Some of the RPC verbs used by row level repair can transmit bulk of data,
namely REPAIR_GET_FULL_ROW_HASHES, REPAIR_GET_ROW_DIFF and REPAIR_PUT_ROW_DIFF.
To have better repair bandwidth with high latency link, we want to increase the
row buff size.  It is more efficient to send large amount of data with RPC
stream interface instead of the RPC verb interface.  We want to switch to RPC
stream for such RPC verbs. Three functions, get_full_row_hashes(),
get_row_diff() and put_row_diff(), are converted to use the new RPC stream
interface.


###  1) get_full_row_hashes()
A new REPAIR_GET_FULL_ROW_HASHES_WITH_RPC_STREAM rpc veb is introduced.

#### The repair master sends: repair_stream_cmd.

The repair_stream_cmd can be:
- repair_stream_cmd::get_full_row_hashes
Asks the repair follower to send all the hashes in working row buffer.

####  The repair follower replies: repair_hash_with_cmd.

```
struct repair_hash_with_cmd {
    repair_stream_cmd cmd;
    repair_hash hash;
};
```

The repair_stream_cmd in repair_hash_with_cmd can be:

- repair_stream_cmd::hash_data
One of the hashes in the working row buffer. The hash is stored in repair_hash_with_cmd.hash.

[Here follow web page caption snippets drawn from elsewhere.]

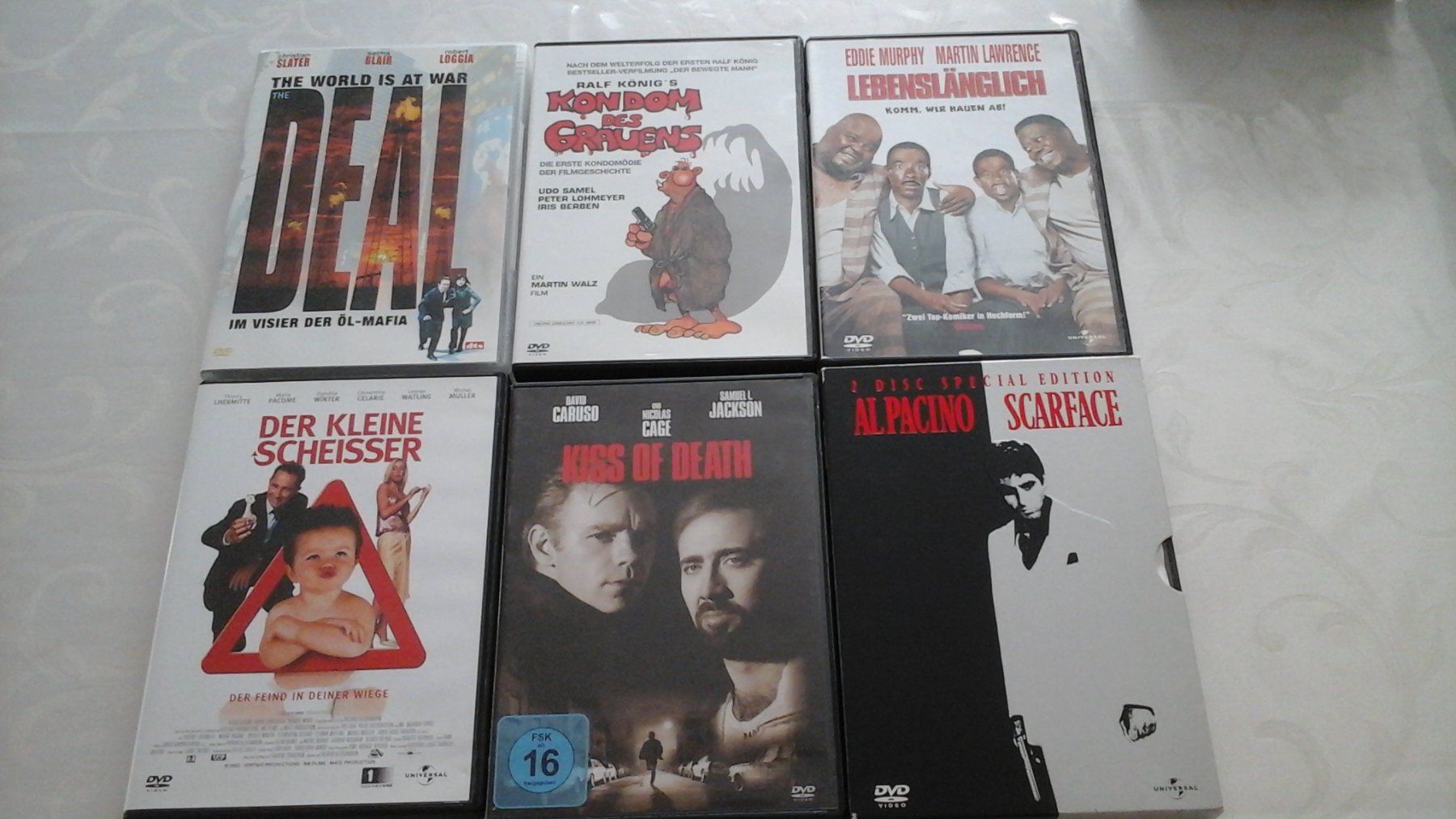 Tutti i DVDs: DVD Filme – Usato da Altstätten SG venduto da Nik2009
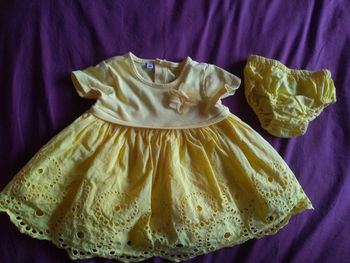 Robe avec bloomer 3 mois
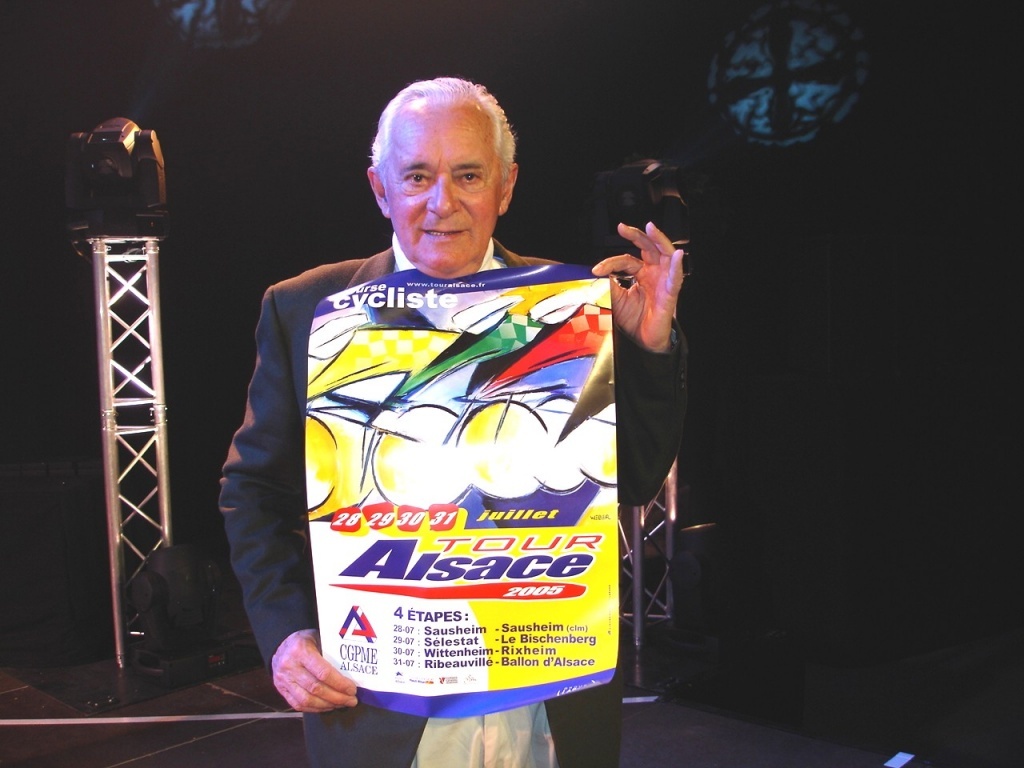 Roger HASSENFORDER, ancien cycliste professionnel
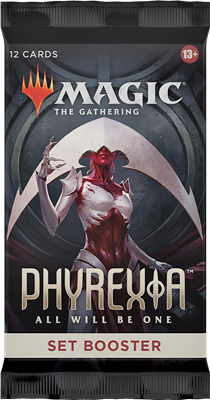 Magic the Gathering - Phyrexia All Will Be One - Set booster (English)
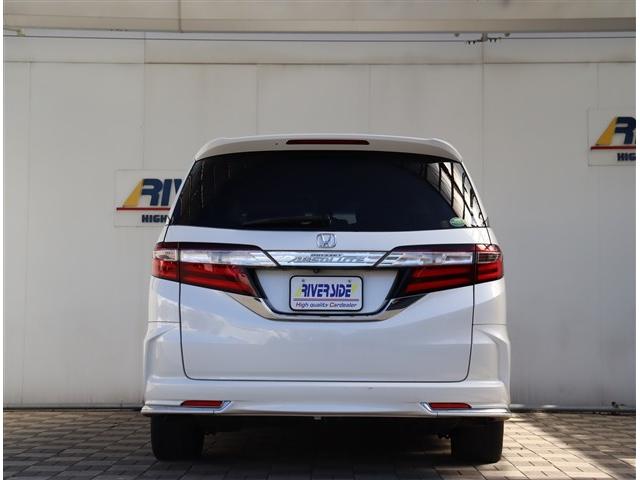 オデッセイ アブソルート 純正メモリーナビDVD再生バックカメラ 両側パワースライド ドライブレコーダー クルーズコントロール アイドリングストップ LEDライト フォグライト スマートキー ハーフレザーシート(29枚目)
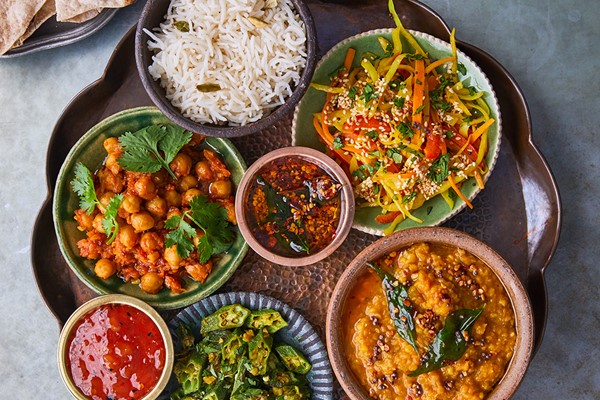 North Indian Thali Class for One at The Jamie Oliver Cookery School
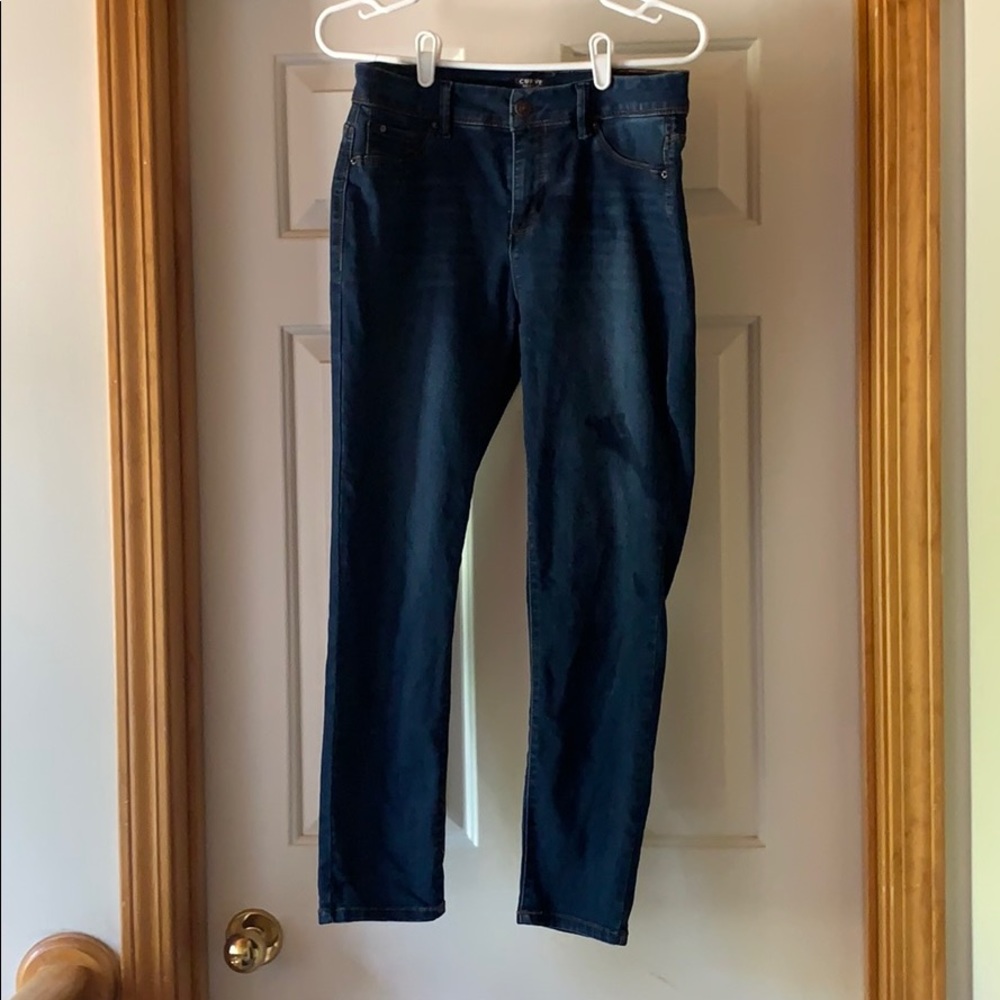 Curve Appeal denim hefting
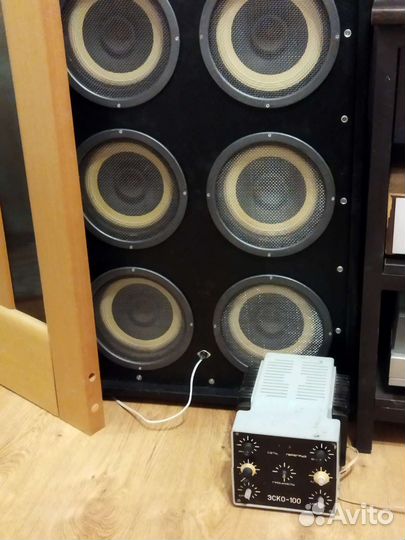 Акустические колонки СССР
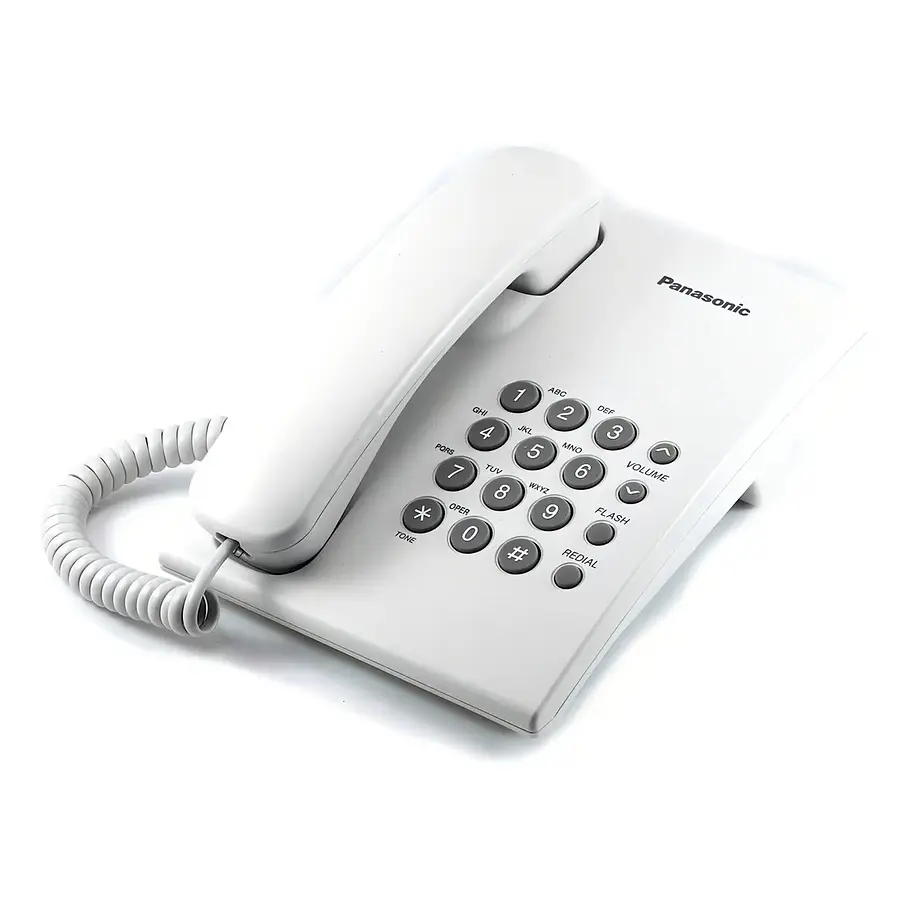 Teléfono Fijo Panasonic KX-TS500 Sistema Telefónico Integrado 1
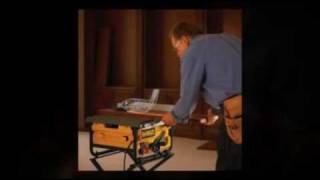 Dewalt 745 Table Saw Review [upl. by Aizan]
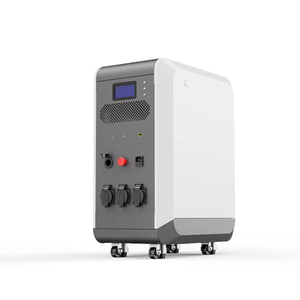 เครื่องกำเนิดไฟฟ้าพลังงานแสงอาทิตย์แบบเคลื่อนย้ายได้ 3600W 5kWh พร้อมแบตเตอรี่ลิเธียม จ่ายไฟ 110V 220V ช่องเสียบ DC AC USB ชาร์จไฟได้ พกพาสะดวก - Product Image 1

- repair_stream_cmd::end_of_current_hash_set
Notifies repair master that  repair follower has send all the hashes in the working row buffer

- repair_stream_cmd::error
Notifies an error has happened on the follower


### 2) get_row_diff()

A new REPAIR_GET_ROW_DIFF_WITH_RPC_STREAM rpc veb is introduced.

```
struct repair_hash_with_cmd {
    repair_stream_cmd cmd;
    repair_hash hash;
};

struct repair_row_on_wire_with_cmd {
    repair_stream_cmd cmd;
    repair_row_on_wire row;
};
```

#### The repair master sends: repair_hash_with_cmd

The repair_stream_cmd in repair_hash_with_cmd can be:

- repair_stream_cmd::needs_all_rows
Asks the repair follower to send all the rows in the working row buffer.

- repair_stream_cmd::hash_data
Contains the hash for the row in the working row buffer that repair master
needs. The hash is stored in repair_hash_with_cmd.hash.

- repair_stream_cmd::end_of_current_hash_set

Notifies repair follower that repair master has sent all the rows it needs.

#### The repair follower replies: repair_row_on_wire_with_cmd

The repair_stream_cmd in repair_row_on_wire_with_cmd can be:

- repair_stream_cmd::row_data
This is one of the row repair master requested. The row data is stored in
repair_row_on_wire_with_cmd.row.

- repair_stream_cmd::end_of_current_rows
Notifies repair follower has sent all the rows repair master requested.

- repair_stream_cmd::error
Notifies an error has happened on the follower.


### 3) put_row_diff()

A new REPAIR_PUT_ROW_DIFF_WITH_RPC_STREAM  rpc veb is introduced.

```
struct repair_row_on_wire_with_cmd {
    repair_stream_cmd cmd;
    repair_row_on_wire row;
};
```

#### The repair master sends: repair_row_on_wire_with_cmd

The repair_stream_cmd in repair_row_on_wire_with_cmd can be:

- repair_stream_cmd::row_data
Contains one of the rows that repair master wants to send to repair follower.
The row data is stored in repair_row_on_wire_with_cmd.row.

- repair_stream_cmd::end_of_current_rows
Notifies repair follower that repair master has sent all the rows it wants to send.

#### The repair follower replies: repair_stream_cmd

- repair_stream_cmd::put_rows_done
Notifies repair master that repair follower has received and applied all the
rows repair master sent.

- repair_stream_cmd::error
Notifies an error has happened on the follower.